I’ve moved several times since I first taught Creative Writing classes in the Bay area. In each community, from New England to California, the directors of each town’s adult continuing education department are excited to include my classes in their brochures. In fact, several of them register themselves! I keep participation low – 6 to 8 students max – so in each 75-minute class we have time to write at least two stories and discuss an aspect of writing: What’s the best tense to use? How do I improve my POV? Are adverbs wrong?  Many of my students return session after session. After all, writing creatively is a daily practice, forever. Braggingly, I add that many of my students have become published authors or valued communicators for their businesses.

Even better, most of my students become lifelong writers.

Oh, and an added benefit to teaching creative writing? My own writing improves, as well as my self-assurance. I’ve published two novels; I blog my “flashes of life” weekly; and I’m working on my third novel as well as a children’s illustrated book.

All for the love of creative writing.

PamelaWightAuthorAbout Author Pamela Wight

Pamela Wight is a successful author of romantic suspense. Her first novel, The Right Wrong Man, published in January, 2013, got rave reviews for taking readers “on an exciting adventure with lots of intrigue, unexpected plot twists, and romance.” A year later, Wight published her second novel, Twin Desires.
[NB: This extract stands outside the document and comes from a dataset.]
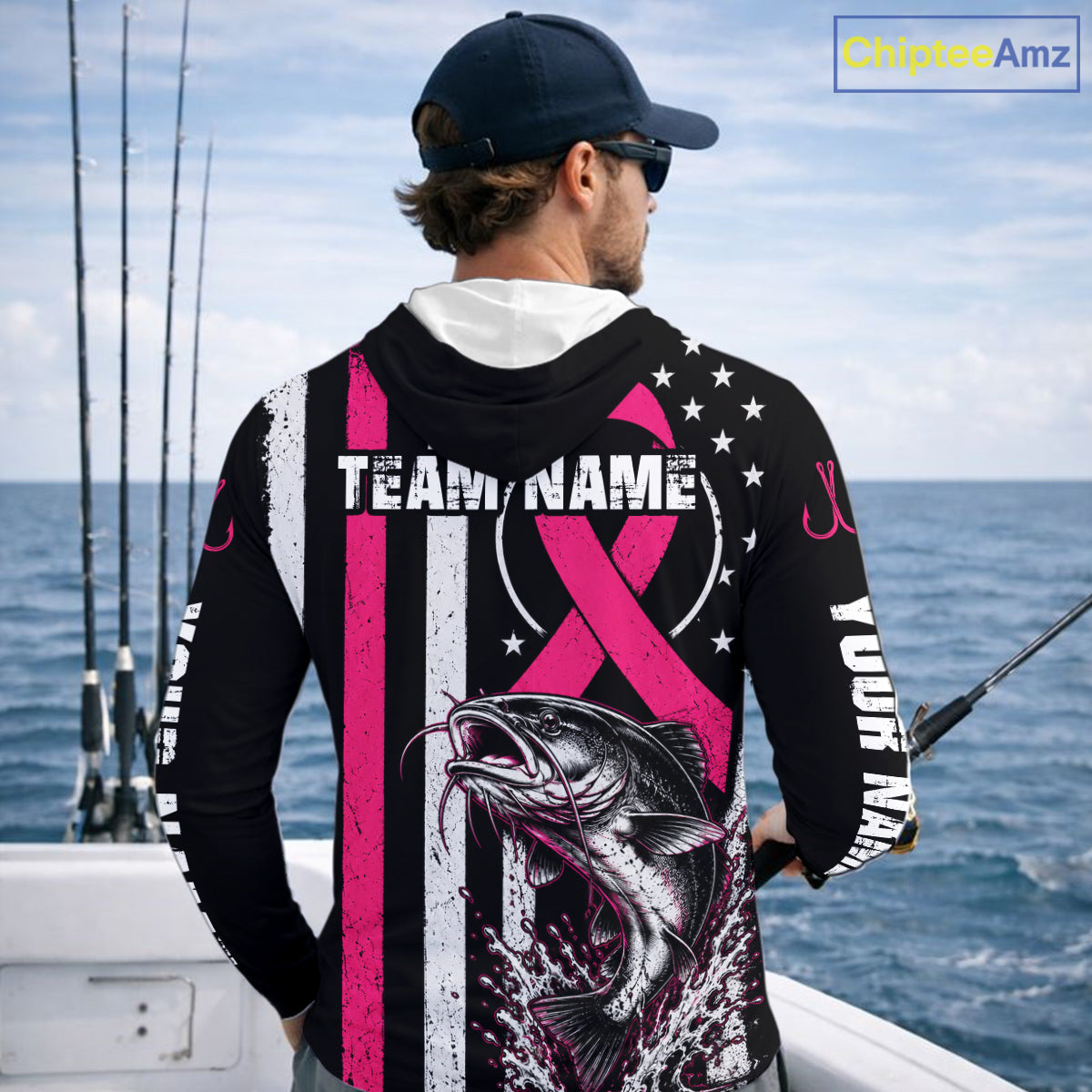 A man on a boat shown from behind wearing a custom black long-sleeve fishing hoodie with a pink and white striped design, a pink ribbon graphic, white stars, and a large fish print on the back. The hoodie includes customizable text placeholders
Pamela earned her Master’s in English from Drew University, continued with postgraduate work at UC Berkeley in publishing, and teaches creative writing classes in Boston and San Francisco. Many readers enjoy her “weekly blog on daily living” called Roughwighting.

Photo: Reading, 1892, oil on carvas, by José Ferraz de Almeida Júnior. Displayed in the Pinacoteca do Estado de São Paulo.

3 responses to “All For the Love of Writing”

  1. Pam I love the idea of prompts and sharing with fellow writers during the class. You’ve inspired me to look for creative writing groups here close to me. Thanks so much for sharing your journey with us!


  2. I’m so happy to see you two here together on JJ’s blog! The biggest problem I have is consistently writing. I get caught up in so many things, and my writing gets shoved to the side all too often. The exercise you used at the Sharkies Conference, Pam – the alphabet – was really awesome. I wish I was nearby so I could take your creative writing class.